Dec. 19, 1984 · Arkansas Court of Appeals · CA 84-95
13 Ark. App. 170, 681 S.W.2d 399

Dr. E. G. DOOLEY and WILLIAMS CHEMICAL COMPANY, INC. v. CECIL EDWARDS CONSTRUCTION CO., INC. and STEVE’S PLUMBING AND HEATING, INC.

CA 84-95

681 S.W.2d 399

Court of Appeals of Arkansas Division II

Opinion delivered December 19, 1984

*171 Person & Vanwinkle, by: Gary D. Person, for appellants.

Warner & Smith, by: Joel D. Johnson, for appellees.

*172Tom Glaze, Judge.

Appellees sued appellants in circuit court to recover the value of certain construction work they had done for appellants. The jury returned a verdict of $4,360.16 for appellee Cecil Edwards Construction Company (Edwards), and $19,862.48 for appellee Steve’s Plumbing and Heating. On appeal, appellants Dr. E. G. Dooley and Williams Chemical Company, Inc., contend the trial court erred: (1) in admitting testimony pertaining to another lawsuit pending between the parties in Oklahoma; (2) in permitting the permissive joinder of the appellees as plaintiffs; and (3) in giving certain instructions to the jury.

Appellee Edwards is a general building contractor. In May of 1980, appellants and Edwards agreed that Edwards would do certain construction work for appellants. Edwards hired appellee Steve Cooksey as a subcontractor to do plumbing. From May, 1980, to July, 1981, appellees worked on five construction projects for appellants in Arkansas and one in Oklahoma. The last project was the construction of a truck stop in Oklahoma. Because they became dissatisfied with the work the appellees had done on the truck stop, appellants terminated their relationship.

Appellee Edwards’ officials testified at great length about the nature of the construction work they had done for appellants. They admitted that appellants had paid them all they owed for the work done in Arkansas, except for $4,300 due on a construction job at Sebastian Lakes. Appellee Edwards stated that appellants owed his company approximately $85,000 for the Oklahoma project. Appellee Cooksey testified that even though he was Edwards’ subcontractor, he had a separate agreement with appellants whereby he was to directly bill appellants at the conclusion of all of the plumbing he did for appellants and that he did bill appellants, who never paid him for his work on the Arkansas construction projects. Appellee Cooksey admitted that slightly over a year passed between the start of his work for appellants and his presentation of a bill to appellants for the work done on the five Arkansas projects. Appellee Cooksey also stated that he worked on the Arkansas projects *173at the same time he worked on the truck stop in Oklahoma. Dr. Dooley testified for the appellants and admitted that both appellees had provided construction services for them at their request, but denied owing either appellee any money beyond what had already been paid to Edwards. He also denied having any direct billing agreement with appellee Cooksey and stated that if Cooksey was not paid, Edwards, Cooksey’s general contractor was liable.

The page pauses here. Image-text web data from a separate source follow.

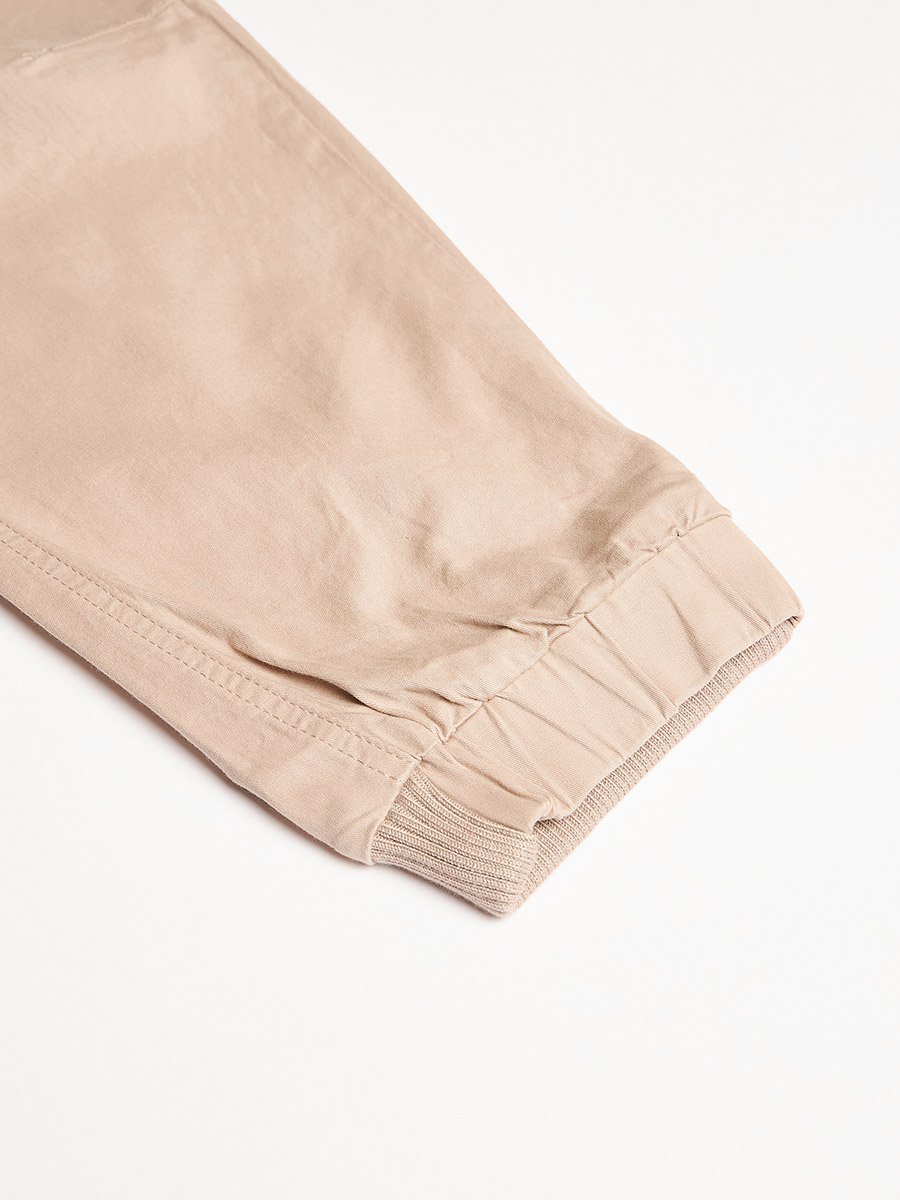 Relaxed Fit Tapered Cargo Jogger in Cotton Twill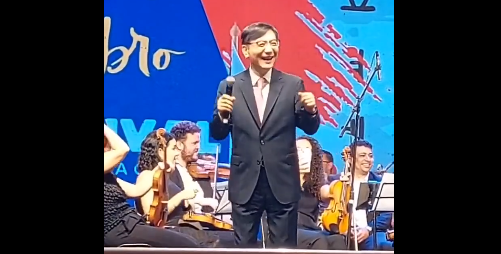 VÍDEO: Embaixador da Coréia recebe título honorário no Rio e emplaca mais um clássico do samba
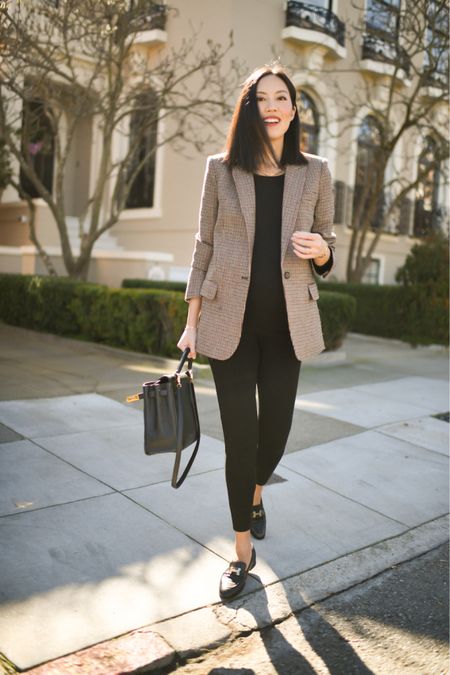 Plaid for Fall 🍂 A plaid blazer can make a simple all black outfit much more interesting!

- plaid blazer
- black jeans / leggings
- loafers

#LTKstyletip #LTKworkwear #LTKSeasonal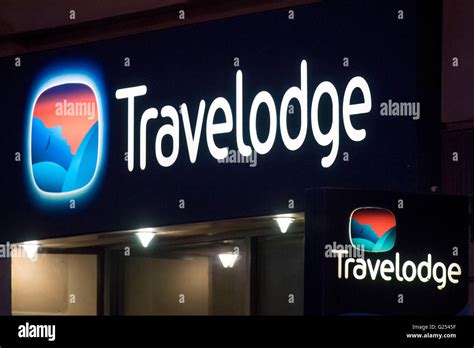 Travelodge Hotel Sign Logo Stock Photo Alamy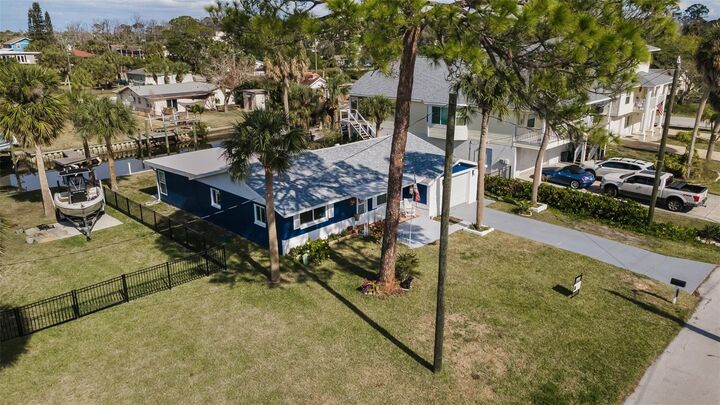 Property Photo: 5433 Bluepoint Drive FL 34668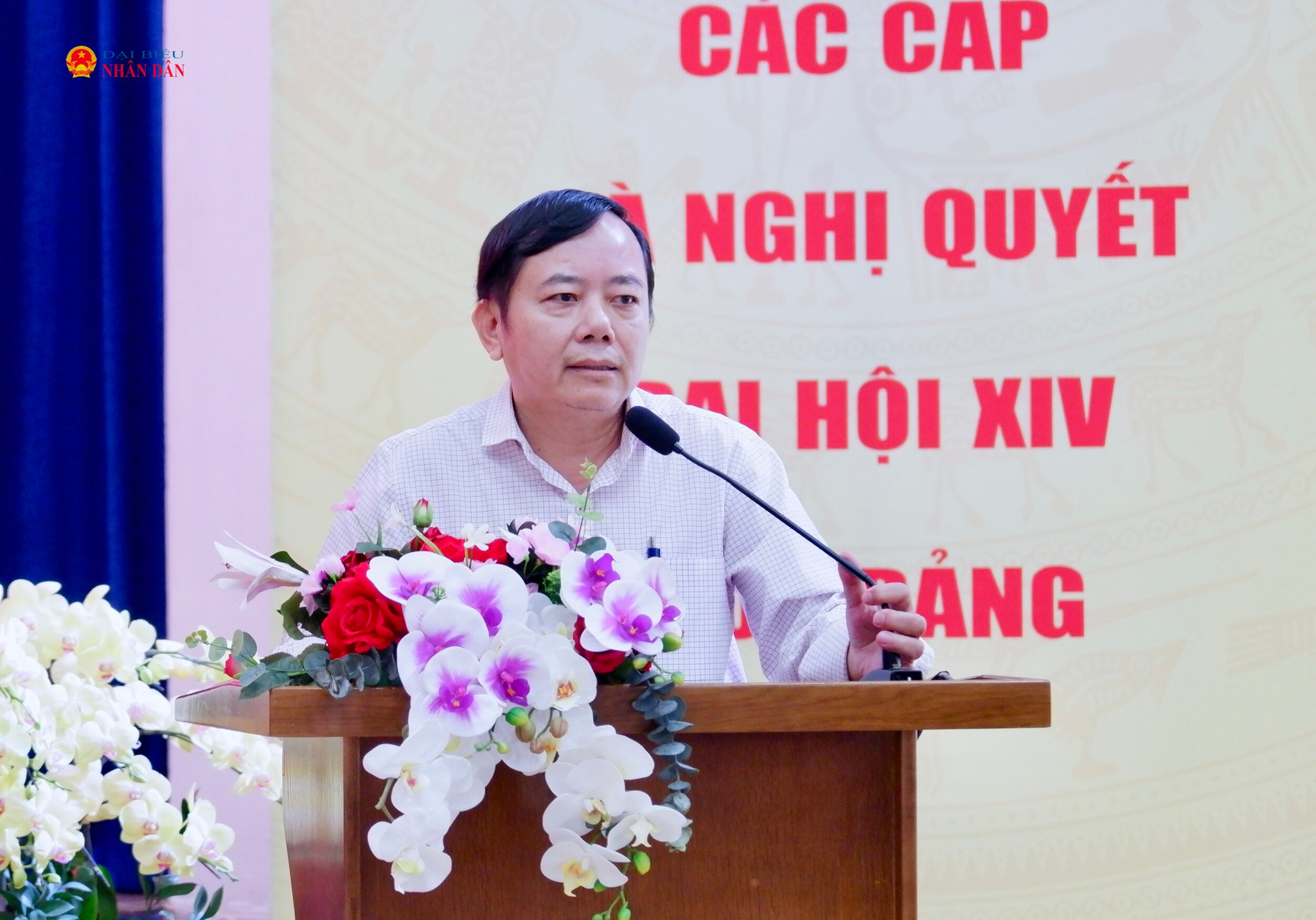 Đại diện Sở Công thương Thành phố Hồ Chí Minh trao đổi về cấp nước cử tri đặt ra tại hội nghị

Appellants’ first argument for reversal is that the trial court erred in admitting evidence pertaining to the construction of the truck stop in Oklahoma, which was the subject of a then-pending lawsuit between the parties in Oklahoma. According to appellants, the testimony describing the circumstances of the truck stop construction work and the existence of a resultant lawsuit was irrelevant and prejudicial and therefore should not have been admitted. Relevant evidence is, of course, evidence having any tendency to make the existence of any fact that is of consequence to the determination of the action more probable or less probable than it would be without the evidence. Ark. Unif. R. Evid. 401. Although relevant, evidence maybe excluded if its probative value is substantially outweighed by the danger of unfair prejudice. Ark. Unif. R. Evid. 403. Before analyzing the relevancy of the testimony pertaining to the lawsuit in Oklahoma, we note that the trial court has discretion in ruling on the relevance of evidence, and we will not reverse in the absence of an abuse of discretion. Olson v. Riddle, 280 Ark. 535, 659 S.W.2d 759 (1983).

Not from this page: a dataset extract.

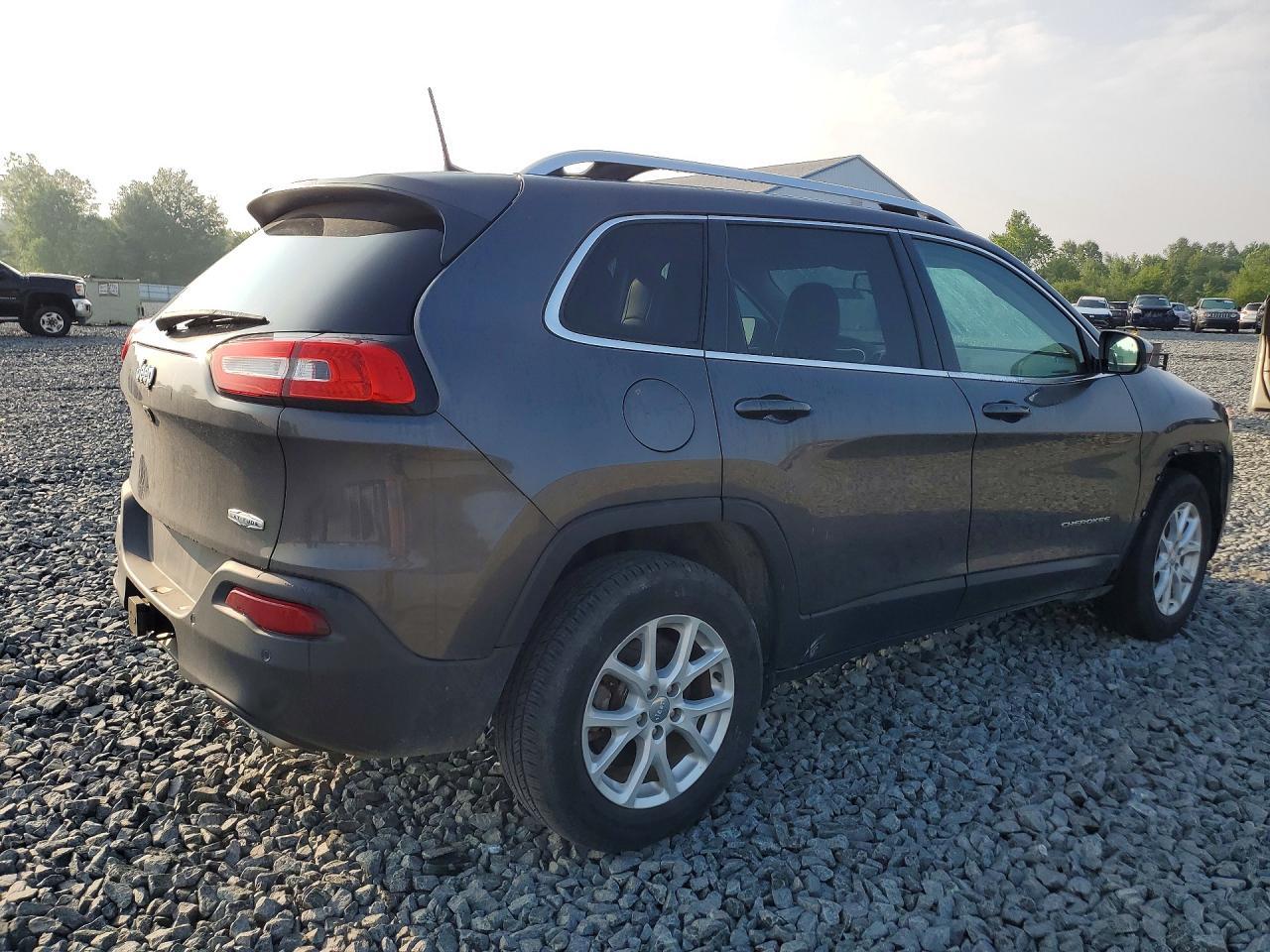 2018 Jeep Cherokee Latitude Plus - Фото 3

We agree with the trial court below that the testimony complained of is relevant. The testimony does go to the existence of some fact that is of consequence to the determination of this action — in this case, the evidence of the lawsuit in Oklahoma goes to the issue of whether or not appellants owed any money to appellees. This evidence makes the existence of the issue more or less probable because it suggests why appellants would refuse to pay appellees when they did, in fact, owe them. Edwards’ officials testified that the Sebastian Lakes project was completed in April of 1981, but that the final bill for the job, the $4,360.16 at issue, was not submitted to appellants until June 30, 1981. By July 1, *1741981, appellants had become dissatisfied with appellees’ work on the truck stop in Oklahoma and had dismissed them — in fact, Edwards’ officials noted that they had been run out of appellees’ office in July of 1981.. When cross-examined about the Sebastian Lakes bill, appellant Dooley stated:

I couldn’t understand why we were billed, there, in June for a job where the store opened at Christmas time. It appears like all of these billings took place after the truck stop job was — was finished and we had difficulties on that last — problems over there.

From the foregoing evidence, appellants’ receipt of Edwards’ $4,360.16 bill for the Sebastian Lakes job coincided with the appellants’ dismissal of Edwards over Edwards’ workmanship on the Oklahoma truck stop job. Obviously, the jury could have concluded from these facts that even if appellants owed Edwards for the Sebastian Lakes job, they had no intention of paying Edwards any more monies after they severed their relationship, at least until they resolved their differences over the Oklahoma job-This evidence may be of slight relevance in this respect; however, as McCormick on Evidence notes, it is enough if the item of evidence reasonably shows that a fact is slightly more probable than it would appear without the evidence. McCormick on Evidence, at 540-48 (3d ed. 1984).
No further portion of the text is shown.